I have 10 class dataset with this I got 85% accuracy, got the same accuracy on a saved model.
now I want to add a new class, how to add a new class To the saved model.
I tried by deleting the last layer and train but model get overfit and in prediction every Images show same result (newly added class).
This is what I did
model.pop()
base_model_layers = model.output
pred = Dense(11, activation='softmax')(base_model_layers)
model = Model(inputs=model.input, outputs=pred)
# compile and fit step
I have trained model with 10 class I want to load the model train with class 11 data and give predictions.
Using the model.pop() method and then the Keras Model() API will lead you to an error.
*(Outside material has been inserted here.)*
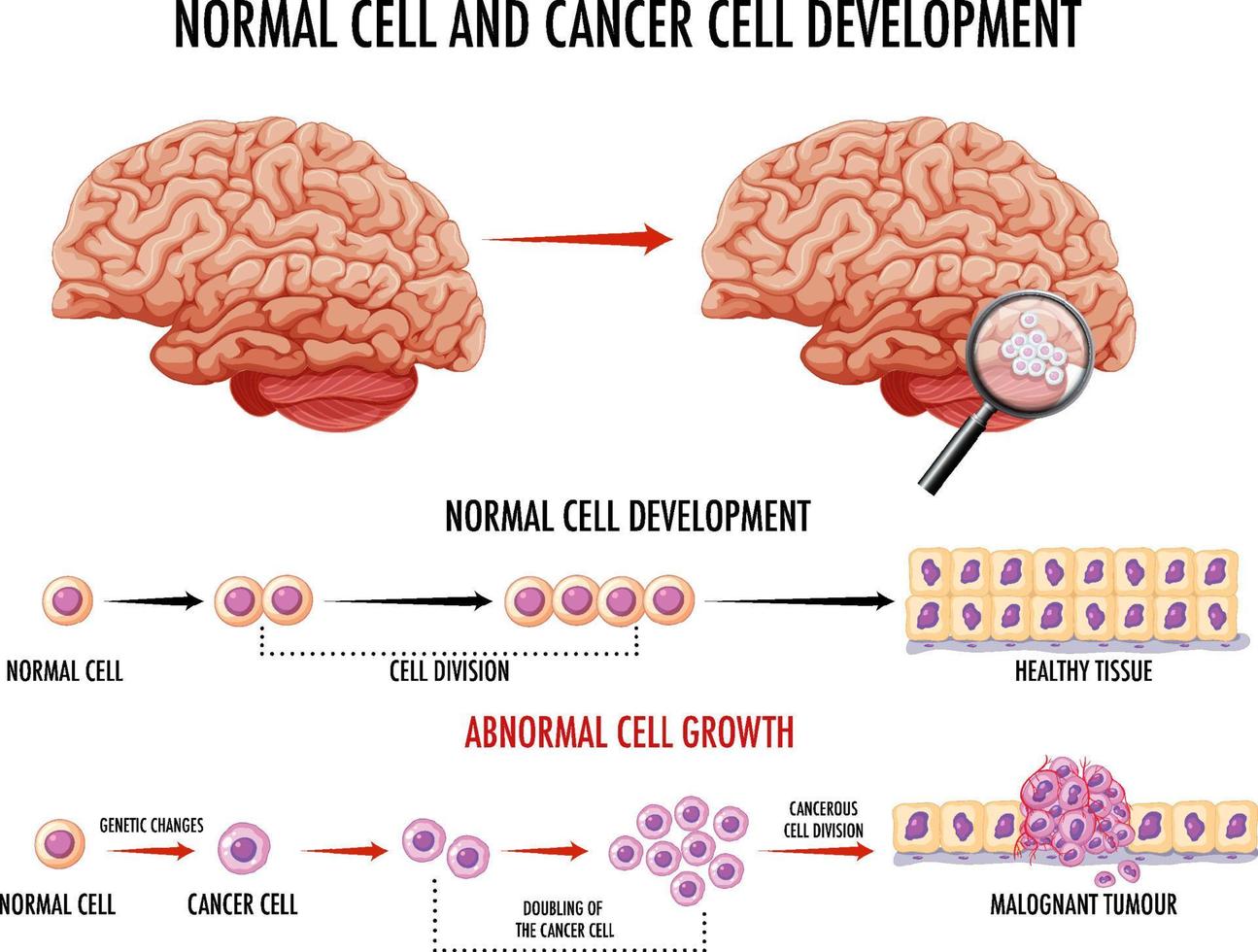 Diagram showing normal and cancer cells in human vector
The Model() API does not have the .pop() method, so if you want to re-train your model more than once you will have this error.
But the error only occurs if you, after the re-training, save the model and use the new saved model in the next re-training.
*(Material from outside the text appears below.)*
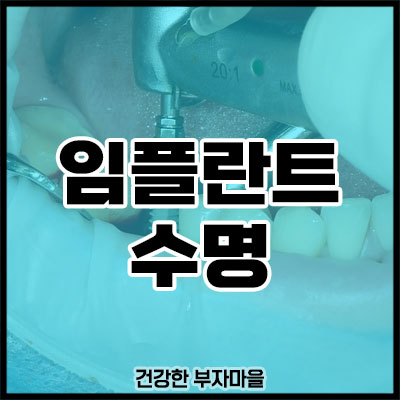임플란트 수명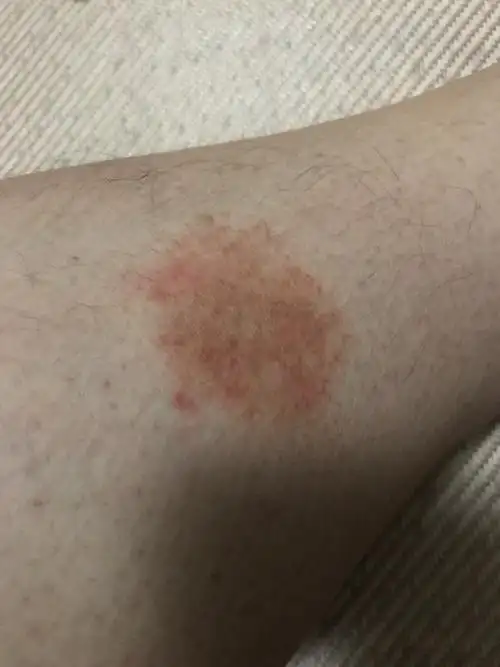 小腿上长了一块红斑,不痛不痒,之前是很小一块,慢慢扩散变大了-丛林主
Another very wrong and used approach is to use the model.layers.pop(). This time the problem is that function only removes the last layer in the copy it returns. So, the model still has the layer, and just the method's return does not have the layer.
I recommend the following solution:
Admitting you have your already trained model saved in the model variable, something like:
model = load_my_trained_model_function()
# creating a new model
model_2 = Sequential()
# getting all the layers except the output one
for layer in model.layers[:-1]: # just exclude last layer from copying
model_2.add(layer)
# prevent the already trained layers from being trained again
# (you can use layers[:-n] to only freeze the model layers until the nth layer)
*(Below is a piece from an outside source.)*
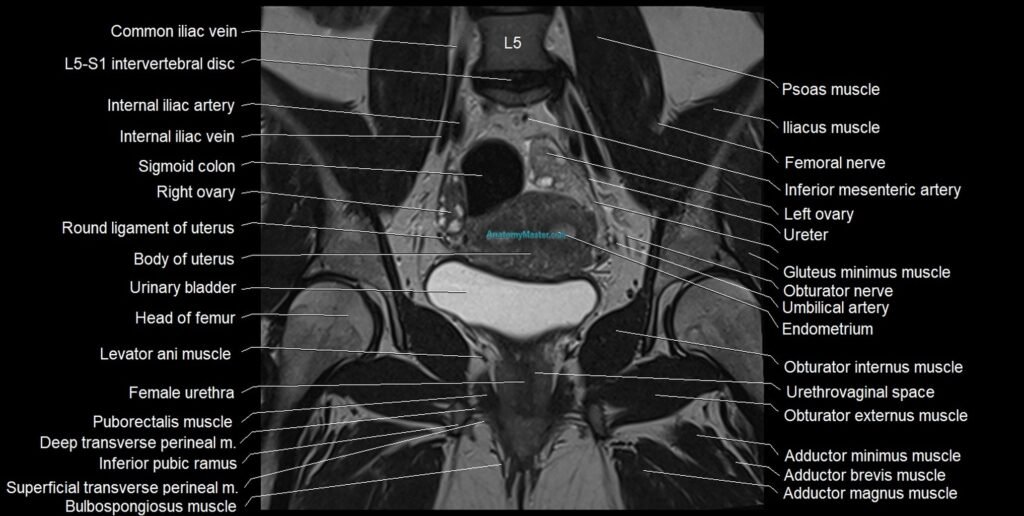 female pelvis coronal cross sectional anatomy image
for layer in model_2.layers:
layer.trainable = False
# adding the new output layer, the name parameter is important
# otherwise, you will add a Dense_1 named layer, that normally already exists, leading to an error
model_2.add(Dense(num_neurons_you_want, name='new_Dense', activation='softmax'))
Now you should specify the compile and fit methods to train your model and it's done:
model_2.compile(loss='categorical_crossentropy',
optimizer='adam',
metrics=['accuracy'])
# model.fit trains the model
model_history = model_2.fit(x_train, y_train,
batch_size=batch_size,
epochs=epochs,
verbose=1,
validation_split=0.1)
EDIT:
Note that by adding a new output layer we do not have the weights and biases adjusted in the last training.
Thereby we lost pretty much everything from the previous training.
We need to save the weights and biases of the output layer of the previous training, and then we must add them to the new output layer.
We also must think if we should let all the layers train or not, or even if we should allow the training of only some intercalated layers.
To get the weights and biases from the output layer using Keras we can use the following method:
# weights_training[0] = layer weights
# weights_training[1] = layer biases
weights_training = model.layers[-1].get_weights()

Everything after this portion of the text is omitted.